Fondée par Dave Eggers en 1998, McSweeney’s n’est pas seulement une revue, c’est un système : outre un recueil trimestriel consacrée à la nouvelle, c’est aussi une maison d’édition, un site web, un mensuel critique (The Believer) et une revue DVD de courts métrages (Wholphin). A l’origine, l’objectif était simple, fringant, presque naïf : publier des histoires qui ne trouvaient pas preneur ailleurs. C’est donc peu dire que les textes de l’anthologie proposée aujourd’hui par Gallimard, huit ans après la création de la franchise, ne représentent qu’une infime portion de la galaxie McSweeney’s. Mais ils révèlent tout de même le dynamisme d’un genre traditionnellement mal aimé (la nouvelle) et d’un support (la revue) dans un paysage littéraire en perpétuelle révolution. « Les Etats-Unis ont davantage de revues littéraires que n’importe quel autre pays, explique Dave Eggers, et je ne sais vraiment pas pourquoi ». Si sa ligne éditoriale très souple agace ses détracteurs, McSweeney’s est devenue un lieu d’accueil pour la fiction expérimentale et les essais « non reportage », si tant est qu’ils fassent preuve « d’humour littéraire ». Le tout paraît dans un espace « simplifié », une revue débarrassée de tout « élément décoratif » pour que le texte retrouve toute sa place. Voilà pour le manifeste.

Plus que tout autre revue aux Etats-Unis, McSweeney’s est un collectif, vibrant et bizarrement insaisissable -une impression qui se retrouve dans le choix des auteurs de l’anthologie française.

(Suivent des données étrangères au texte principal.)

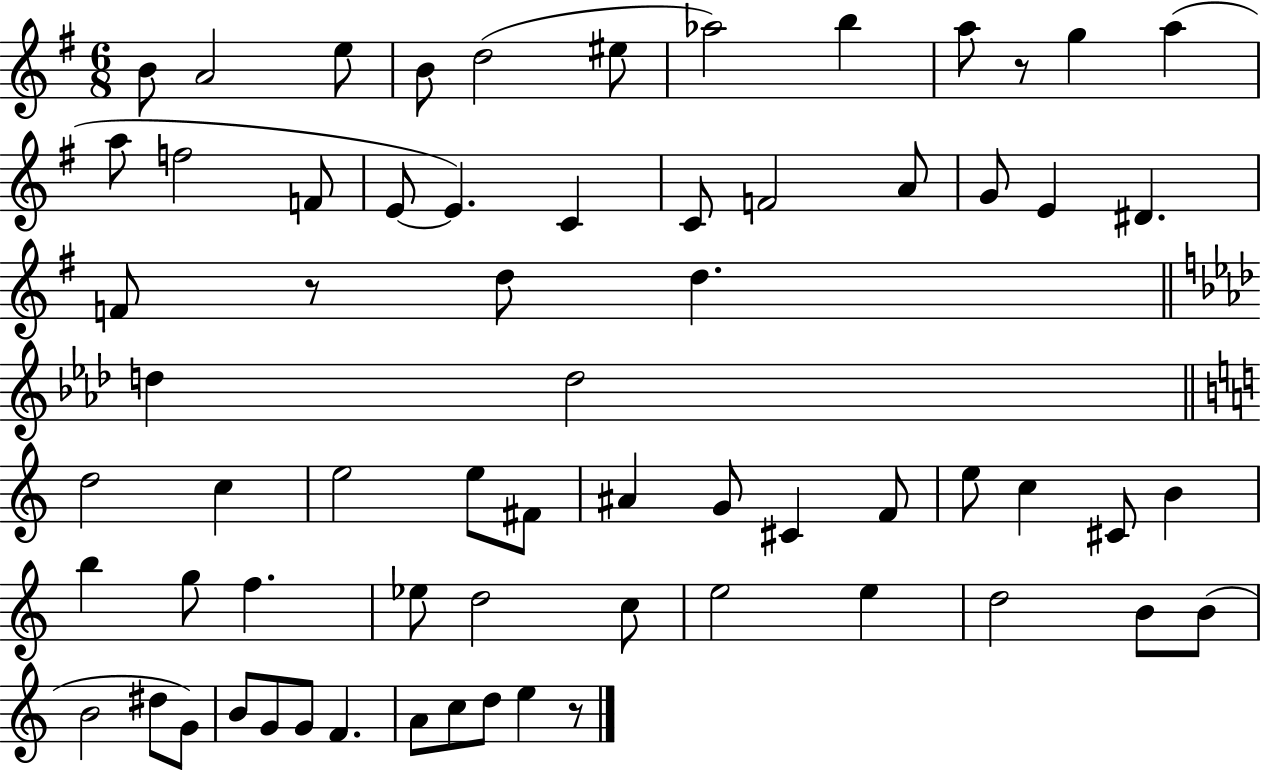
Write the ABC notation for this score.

X:1
T:Untitled
M:6/8
L:1/4
K:G
B/2 A2 e/2 B/2 d2 ^e/2 _a2 b a/2 z/2 g a a/2 f2 F/2 E/2 E C C/2 F2 A/2 G/2 E ^D F/2 z/2 d/2 d d d2 d2 c e2 e/2 ^F/2 ^A G/2 ^C F/2 e/2 c ^C/2 B b g/2 f _e/2 d2 c/2 e2 e d2 B/2 B/2 B2 ^d/2 G/2 B/2 G/2 G/2 F A/2 c/2 d/2 e z/2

On y retrouve des grands noms de la fiction américaine : William T. Vollmann, qui offre avec Trois méditations sur la mort une vision hallucinée des catacombes de Paris ; George Saunders et son regard chirurgical sur la violence ordinaire ; David Foster Wallace, qui visite avec sa mère les friches de l’absurde, et l’hilarant Rick Moody qui retrace dans Le Double zéro la trajectoire pathétique d’un homme ruiné par le pillage en règle du Middle West. Dans la lignée du journalisme gonzo, plusieurs récits proposent en outre un regard décalé sur un pays en mutation constante, vu par les yeux de personnages aux ego surdimensionnés qui continuent à façonner l’imaginaire collectif du territoire. Au royaume de Unabomber, par exemple, donne l’intégrale de la correspondance entre l’auteur, Gary Greenberg, et l’extrémiste luddite Ted Kaczinski. De La Folie Banvard, amusante biographie d’un peintre oublié, auteur d’une « fresque du Mississipi » de plusieurs kilomètres de long, à La République de Marfa, chronique d’une semaine peu ordinaire dans une petite ville du désert du Texas, toutes ces histoires illustrent le magnétisme et la diversité de ton d’une revue devenue, en moins de dix ans, un symbole autant qu’une tribune.

Reste que Gallimard a fait le choix de ne confier la traduction qu’à deux personnes, une par volume. C’est une erreur. La nouvelle, rappelons-le, est le champ de la forme par excellence, un exercice de style et de vélocité textuelle ; les traductions de Pierre Charras et Jean Pavans, uniformes, nivellent le recueil et, au final, le plombent. McSweeney’s étant un collectif, on aurait plutôt vu ici un travail à plusieurs voix, permettant d’approcher l’effet enivrant produit par la lecture des textes originaux. La sélection des textes est par ailleurs contestable : bâclée, La Fille à la frange, conventionnelle historiette de Zadie Smith ; obscur, le texte de Jim Stallard, surtout pour ceux qui ne sont pas familiers des décisions de la Cour Suprême ou des règles du basket-ball. L’objectif, malgré tout, est rempli : illustrer le tour de force d’un « programme » qui défend, avec obstination, la courte chose et écrite et la beauté de « l’objet revue ».